Structured Like a Language Model: Analysing AI as an Automated Subject. (arXiv:2212.05058v1 [cs.CY])

Drawing from the resources of psychoanalysis and critical media studies, in
this paper we develop an analysis of Large Language Models (LLMs) as automated
subjects. We argue the intentional fictional projection of subjectivity onto
LLMs can yield an alternate frame through which AI behaviour, including its
productions of bias and harm, can be analysed. First, we introduce language
models, discuss their significance and risks, and outline our case for
interpreting model design and outputs with support from psychoanalytic
concepts. We trace a brief history of language models, culminating with the
releases, in 2022, of systems that realise state-of-the-art natural language
processing performance. We engage with one such system, OpenAI’s InstructGPT,
as a case study, detailing the layers of its construction and conducting
exploratory and semi-structured interviews with chatbots.

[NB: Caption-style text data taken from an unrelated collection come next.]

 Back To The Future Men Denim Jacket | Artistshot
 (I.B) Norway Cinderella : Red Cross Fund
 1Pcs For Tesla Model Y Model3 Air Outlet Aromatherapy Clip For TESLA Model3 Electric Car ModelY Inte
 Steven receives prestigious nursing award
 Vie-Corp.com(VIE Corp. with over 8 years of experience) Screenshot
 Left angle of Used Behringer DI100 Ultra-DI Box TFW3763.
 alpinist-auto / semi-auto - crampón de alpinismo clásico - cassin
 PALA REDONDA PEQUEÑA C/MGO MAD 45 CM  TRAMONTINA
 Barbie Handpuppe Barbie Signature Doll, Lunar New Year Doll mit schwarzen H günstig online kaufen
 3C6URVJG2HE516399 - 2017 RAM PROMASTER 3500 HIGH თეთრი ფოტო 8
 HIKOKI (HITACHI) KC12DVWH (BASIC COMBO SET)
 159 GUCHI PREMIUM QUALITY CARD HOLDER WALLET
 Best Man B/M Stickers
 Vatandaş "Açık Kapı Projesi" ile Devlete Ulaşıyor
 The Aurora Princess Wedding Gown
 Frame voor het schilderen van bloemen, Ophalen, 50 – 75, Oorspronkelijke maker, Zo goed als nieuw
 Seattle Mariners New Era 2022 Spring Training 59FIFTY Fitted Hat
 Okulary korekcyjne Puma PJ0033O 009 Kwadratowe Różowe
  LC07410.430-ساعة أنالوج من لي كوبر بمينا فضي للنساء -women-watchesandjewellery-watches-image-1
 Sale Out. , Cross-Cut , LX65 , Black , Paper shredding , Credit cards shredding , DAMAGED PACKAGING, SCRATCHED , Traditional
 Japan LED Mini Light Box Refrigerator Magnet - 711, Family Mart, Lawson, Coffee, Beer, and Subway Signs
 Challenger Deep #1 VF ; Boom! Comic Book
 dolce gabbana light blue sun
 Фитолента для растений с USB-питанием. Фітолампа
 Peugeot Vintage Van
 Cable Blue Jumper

These interviews
probe the model’s moral imperatives to be helpful, truthful and harmless by
design. The model acts, we argue, as the condensation of often competing social
desires, articulated through the internet and harvested into training data,
which must then be regulated and repressed. This foundational structure can
however be redirected via prompting, so that the model comes to identify with,
and transfer, its commitments to the immediate human subject before it. In
turn, these automated productions of language can lead to the human subject
projecting agency upon the model, effecting occasionally further forms of
countertransference. We conclude that critical media methods and psychoanalytic
theory together offer a productive frame for grasping the powerful new
capacities of AI-driven language systems.